After sample preparations, dentin discs were then randomly allocated in two experimental groups. The GO group (n = 15) was formed by dentin discs covered with a film of GO. A GO liquid suspension was used (^®Graphenea—graphene oxide water dispersion, 0.4 wt % concentration, San Sebastián Spain). Firstly, the suspension was diluted with deionized water at a concentration of 1 mg/mL and then sonicated in a water bath sonicated for 30 min in order to obtain a homogeneous and stable suspension. On the surface of every dentin disc 100 μL of GO suspension was added and the samples were left dried for 24 h at room temperature (drop casting method) [37]. After 24 h the solvent was completely evaporated and a thin film of GO was obtained on the surface of every sample. No treatments were performed for the control samples (n = 15).

4.6. Biofilm Formation Assay

Biofilm formation by E. faecalis isolates was performed according to the reference method with modifications [38]. Briefly, E. faecalis isolates were cultivated in BHI (BHI, Sigma) supplemented with 0.25% glucose and 1% fetal calf serum (FBS, Sigma) at 37 °C in ambient air for 10–12 h without shaking.

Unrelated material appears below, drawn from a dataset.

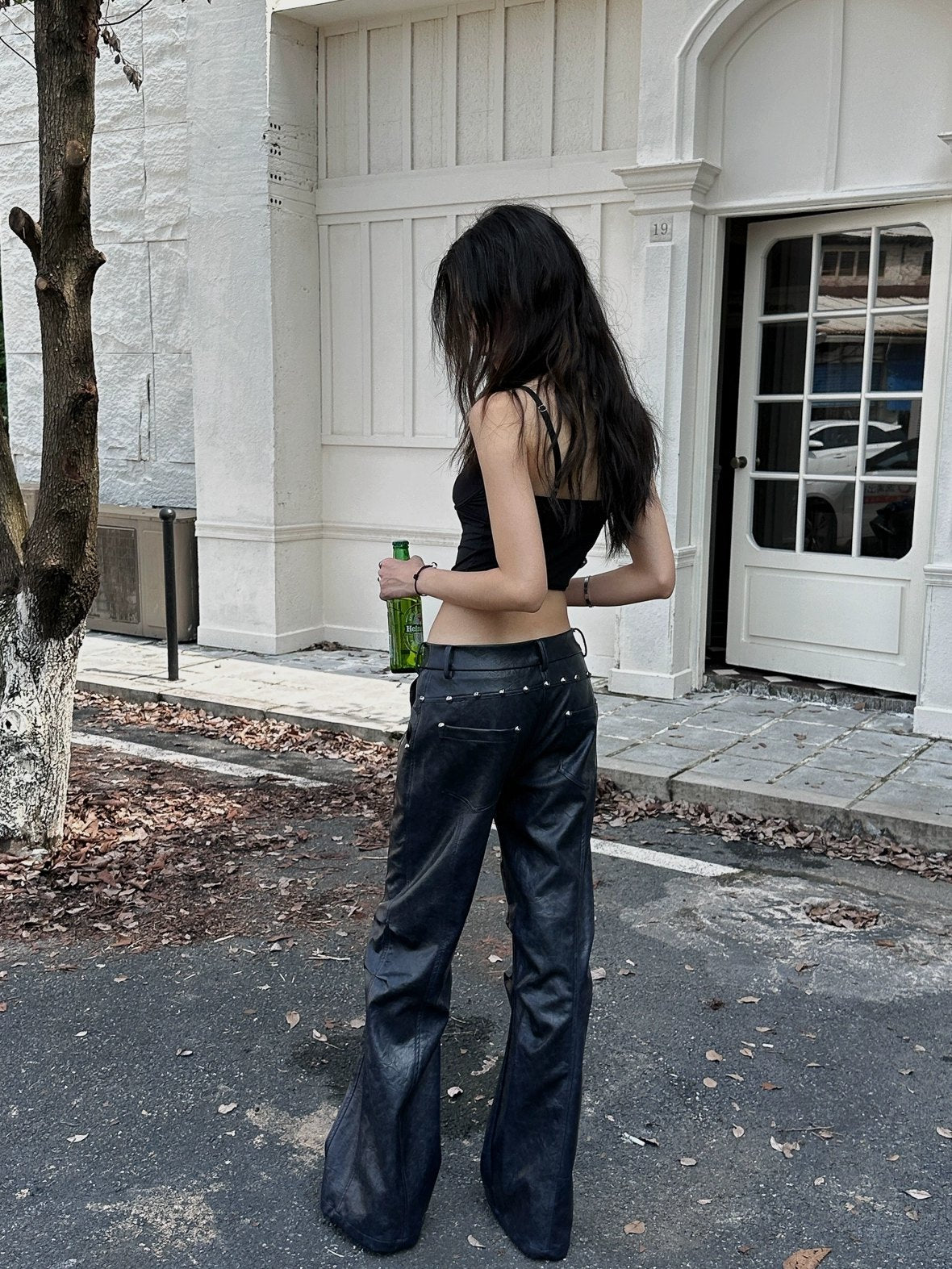 FULLTIDE Pu Leather Micro Flare Low Rise Original Design Navy Women Fashion Pants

Overnight cultures were then diluted to reach 0.5 McFarland (corresponding to 1.5 × 10⁸ CFU/mL) in 500 µL of BHI supplemented with 0.25% glucose and 1% fetal calf serum.

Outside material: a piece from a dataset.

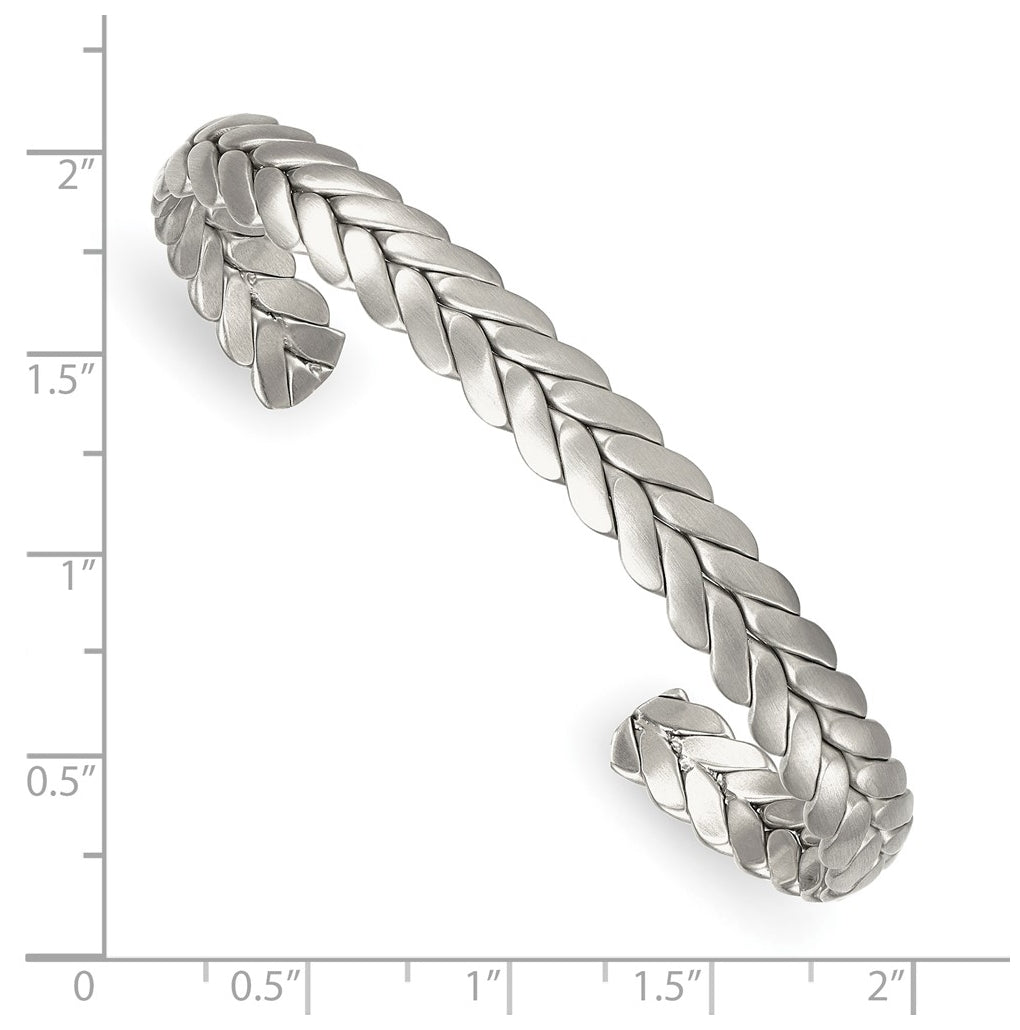 Stainless Steel Brushed 7.5mm Chevron Cuff Bangle – Elegant Jewelry Gift for Birthday, Anniversary, Engagement, Wedding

Bacterial suspension, prepared as described before, was added to each sample of dentine discs that were allocated in 24-Wells Microtiter Plate (Costar3527, Corning). Samples were incubated for 72 h at 37 °C in order to allow the formation of biofilm. Dentin discs were gently washed to remove not adhered bacteria. After washing the samples, the biofilm was detached from the surfaces by bath sonication. Bacterial cell suspensions were then serial diluted and spread on ESA plates (ESA, Sigma, St. Louis, MO, USA) and were incubated at 37 °C overnight. After 24 h, microbial counts were expressed as CFU per mL.

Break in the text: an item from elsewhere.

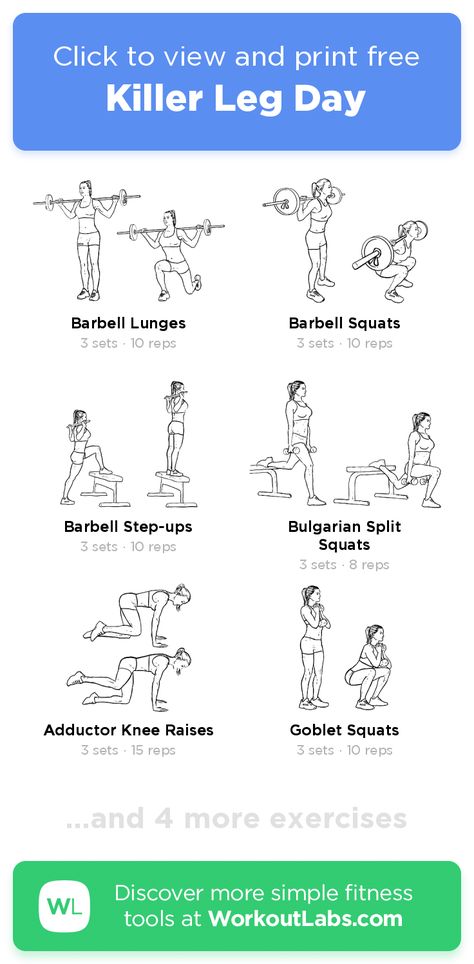 Killer Leg Day – click to view and print this illustrated exercise plan created with #WorkoutLabsFit Killer Legs Workout, Killer Leg Workout At Home, Smith Machine Workout, Killer Leg Workouts, Toned Legs Workout, Workout Labs, Leg Press Machine, Reps And Sets, Barbell Squat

Results were statistically analyzed in GraphPad Prism (version 5.0, GraphPad Software Inc., San Diego, CA, USA). Statistically significant differences between two groups were assessed by a two-tailed unpaired t-test (p-value < 0.05).

4.7. SEM Analysis

SEM (SEM Supra 25—Zeiss, Germany) was performed to analyze bacteria cells morphology and distribution over large dentine discs. The SEM used had a resolution of 1.7 nm at 15 KV and 3.5 nm at 5 KV, which allows magnification from 12 to 500,000×. Samples were allowed to form biofilm on treated and untreated surfaces as described before. Discs were prepared for SEM evaluation by fixation with 2.5% glutaraldehyde in phosphate buffer and post-fixation with 1.33% osmium tetroxide. Fixation was followed by dehydration of samples and finally they were mounted on stubs and sputter-coated with gold (Balzers Union—SCD 040) and imaged by SEM with a magnification of 2000×, 4000× and 6000×.

5. Conclusions

Within the limits of an in vitro study the antimicrobial and antibiofilm properties of GO against E. faecalis were confirmed. GO film demonstrated a role in the inhibition of bacterial film proliferation and it showed acceptable adhesion properties to root dentin, without causing alteration of its structure. GO is a promising material and its potential use in endodontics should be investigated.